» Exercise: Since the listing below shows pictures, leave them out and write out exactly the lines from the line with "SAFAVIEH Lighting Gresa" to the line with "Aynsley Bone China", both included, and no others.

» Data in this exercise:
================================

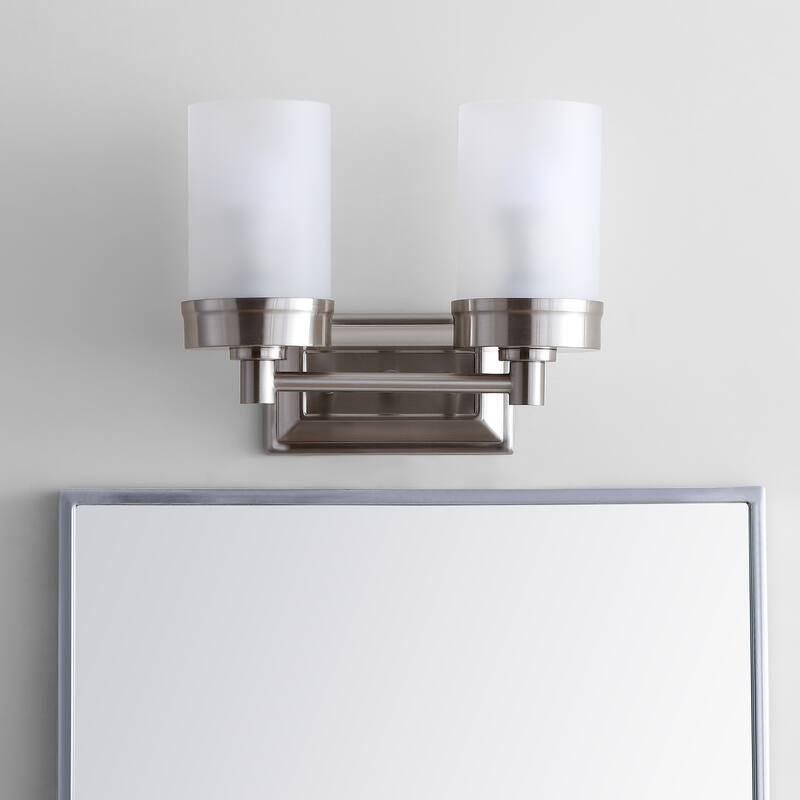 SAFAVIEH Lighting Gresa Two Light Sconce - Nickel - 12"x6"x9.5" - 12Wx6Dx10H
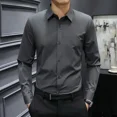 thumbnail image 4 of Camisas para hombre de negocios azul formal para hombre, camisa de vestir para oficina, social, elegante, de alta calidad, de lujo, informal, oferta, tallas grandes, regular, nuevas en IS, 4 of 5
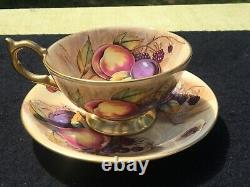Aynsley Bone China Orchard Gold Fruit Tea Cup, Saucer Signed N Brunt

================================

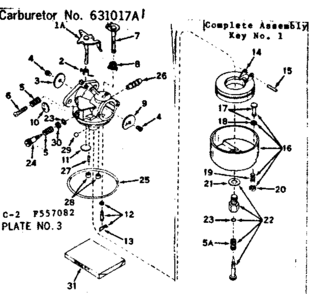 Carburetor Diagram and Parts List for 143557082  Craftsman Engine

================================

» Response to the exercise:
 SAFAVIEH Lighting Gresa Two Light Sconce - Nickel - 12"x6"x9.5" - 12Wx6Dx10H
 thumbnail image 4 of Camisas para hombre de negocios azul formal para hombre, camisa de vestir para oficina, social, elegante, de alta calidad, de lujo, informal, oferta, tallas grandes, regular, nuevas en IS, 4 of 5
Aynsley Bone China Orchard Gold Fruit Tea Cup, Saucer Signed N Brunt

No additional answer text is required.